__Activity__: Wherever a picture appears in the data below, omit it, and restate everything else word for word.

[Information provided Boundary: Start]

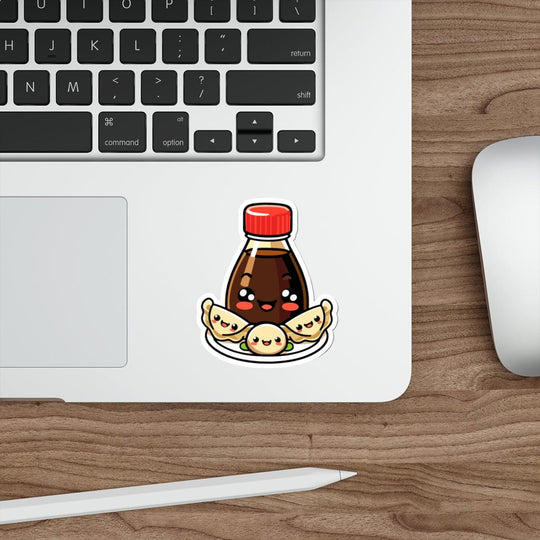 Soy Sauce with Gyozas Waterproof Sticker: A cute soy sauce bottle paired with dumplings (gyozas), perfect for foodies and those who love adorable food-themed designs.  KEOLIX 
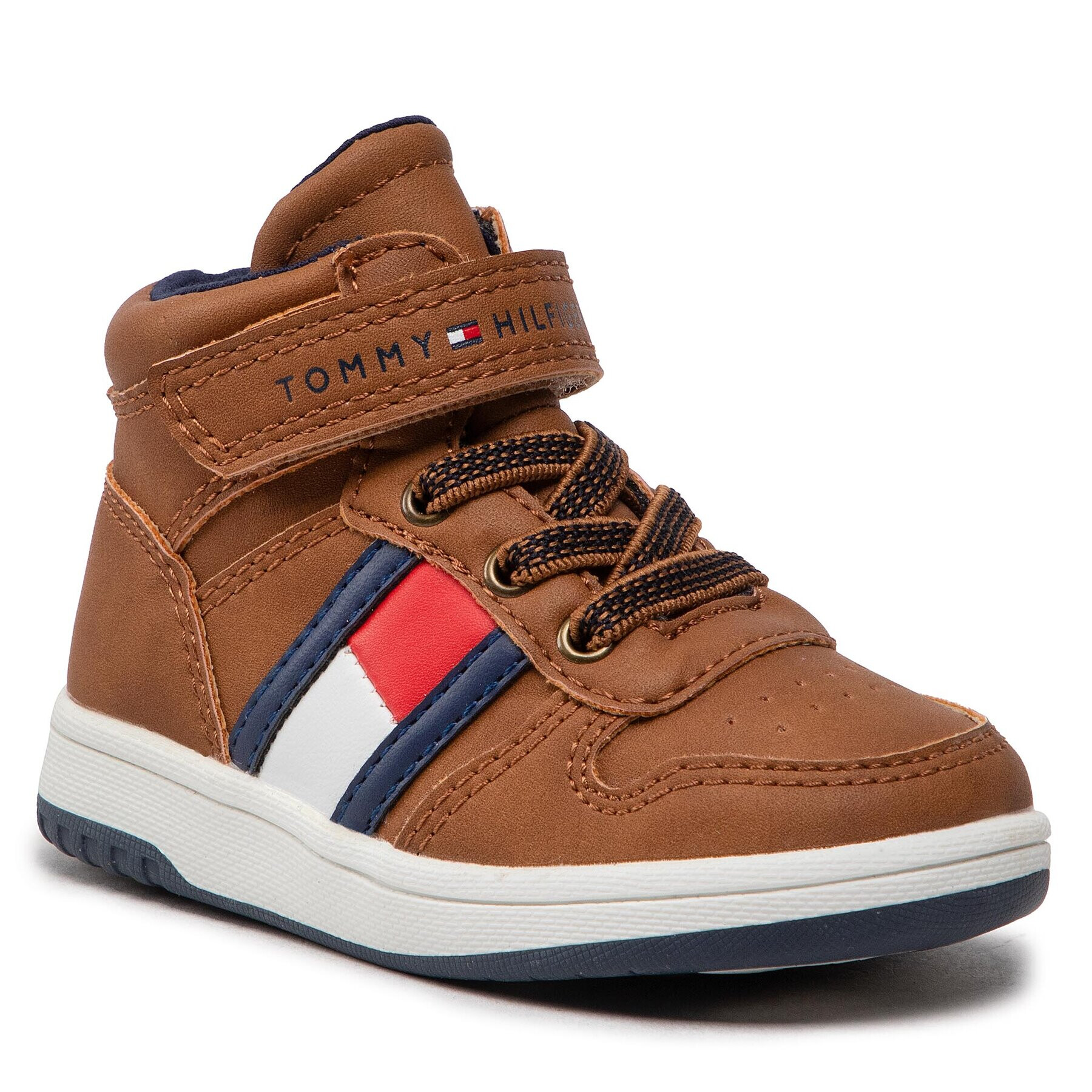 Tommy Hilfiger Superge High Top-lace-Up T3B9-32476-1351 M Rjava - Pepit.si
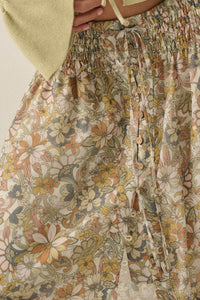 Sweet Nostalgia Floral Chiffon Button-Front Maxi Skirt - ShopPromesa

[Information provided Boundary: End]

__Answer to the exercise__:
 Soy Sauce with Gyozas Waterproof Sticker: A cute soy sauce bottle paired with dumplings (gyozas), perfect for foodies and those who love adorable food-themed designs.  KEOLIX 
 Tommy Hilfiger Superge High Top-lace-Up T3B9-32476-1351 M Rjava - Pepit.si
 Sweet Nostalgia Floral Chiffon Button-Front Maxi Skirt - ShopPromesa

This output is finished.